第13話 明晰夢って凄い


「まさか……母親の夢を見ているの?」


 手を顔に擦り付ける動作は、子が母に甘えるような動作と似ている気がする。


 そしてそのすぐ後、彼の発した小さな寝言を聞いて、私の目からは涙が溢れでた。


「お……母……さん……やめ……」


 表情はうつ伏せでよく見えないが、体はかすかに震えている。

 母親に罰を受けている夢を見ているのだろうか。これは……どう見ても彼に説明した“いい夢”ではない。

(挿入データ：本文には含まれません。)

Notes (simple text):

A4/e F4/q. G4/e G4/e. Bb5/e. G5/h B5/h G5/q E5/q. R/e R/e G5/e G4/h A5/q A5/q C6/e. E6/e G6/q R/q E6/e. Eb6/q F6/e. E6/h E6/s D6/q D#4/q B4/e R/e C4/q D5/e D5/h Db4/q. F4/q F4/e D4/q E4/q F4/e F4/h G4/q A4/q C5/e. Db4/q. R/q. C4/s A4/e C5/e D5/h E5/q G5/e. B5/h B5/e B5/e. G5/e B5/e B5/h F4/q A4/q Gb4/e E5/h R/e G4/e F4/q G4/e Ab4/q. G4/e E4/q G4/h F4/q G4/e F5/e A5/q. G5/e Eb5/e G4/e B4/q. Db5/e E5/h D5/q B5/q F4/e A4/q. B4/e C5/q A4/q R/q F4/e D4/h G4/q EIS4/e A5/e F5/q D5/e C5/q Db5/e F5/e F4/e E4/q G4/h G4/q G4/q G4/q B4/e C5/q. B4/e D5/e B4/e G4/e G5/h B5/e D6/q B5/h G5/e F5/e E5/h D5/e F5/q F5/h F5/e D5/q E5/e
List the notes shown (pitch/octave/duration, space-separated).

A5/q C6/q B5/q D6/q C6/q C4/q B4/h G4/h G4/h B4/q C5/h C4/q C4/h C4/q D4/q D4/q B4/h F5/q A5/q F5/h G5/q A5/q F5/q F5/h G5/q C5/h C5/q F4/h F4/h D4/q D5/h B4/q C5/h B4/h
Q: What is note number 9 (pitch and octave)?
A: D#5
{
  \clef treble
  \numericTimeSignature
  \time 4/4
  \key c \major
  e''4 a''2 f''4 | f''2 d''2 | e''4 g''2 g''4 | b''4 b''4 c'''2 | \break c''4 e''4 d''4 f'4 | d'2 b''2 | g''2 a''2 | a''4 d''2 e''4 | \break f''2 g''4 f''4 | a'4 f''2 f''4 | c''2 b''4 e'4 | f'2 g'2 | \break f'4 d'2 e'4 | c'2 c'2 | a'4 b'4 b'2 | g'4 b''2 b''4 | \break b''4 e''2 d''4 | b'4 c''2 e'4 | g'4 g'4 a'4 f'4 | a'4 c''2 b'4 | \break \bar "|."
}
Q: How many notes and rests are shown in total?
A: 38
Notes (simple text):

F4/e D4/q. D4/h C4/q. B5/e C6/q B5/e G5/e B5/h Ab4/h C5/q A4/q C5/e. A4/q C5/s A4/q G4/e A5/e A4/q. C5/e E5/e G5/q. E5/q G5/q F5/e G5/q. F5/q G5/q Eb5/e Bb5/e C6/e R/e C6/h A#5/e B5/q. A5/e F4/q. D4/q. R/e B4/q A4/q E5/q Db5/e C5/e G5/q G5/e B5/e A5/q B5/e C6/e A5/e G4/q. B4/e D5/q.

「そんな……でも精神安定の魔法をかけた子供は1番いい思い出の夢を見るはず……」


 失敗した? ……いや、この魔法はこの日の為、何よりも練習してきたのだ。

 失敗したとは思えない。


 1つの仮説が生まれる。


「まさか……それが、1番いい思い出とでも言うの……?」


 彼は5年もの間、母親の迎えを独りで待っているような子だ。

 だとすれば、どんな形であろうと母親と一緒にいる時間が、彼にとっては“良い思い出”なのかもしれない。


「そ、そんな……」


 私の手を握っている彼の手に力が込められ、うつ伏せだった顔がこちらに向いた。


「……っ」


 その目からは、小さな涙の粒がこぼれ落ちている。


「ぅ……うぅ……」


 眠ったまま泣き出してしまった。声を押さえて泣いているようだ。


 『我慢する』とはこういうことだったの……?


 9年という短い人生で、一体どれだけの苦しみを味わったのか、とても想像できない。


 それなのに、森に捨てられてからの生きる希望は、その苦しみを与えていた偽の母親への想いにすがることしか出来ないのだ。


「カイト君……絶対に助けてあげるからね」


 涙を流すカイト君の手を両手で握りしめ、そう決意した。



ーカイトside


 今エアリスさんが部屋から出て行くのを、横目で見ている。


 いきなり寝かされそうになって驚いけど、久しぶりに夫婦が再会したんだ。きっと積もる話でもあるのだろう。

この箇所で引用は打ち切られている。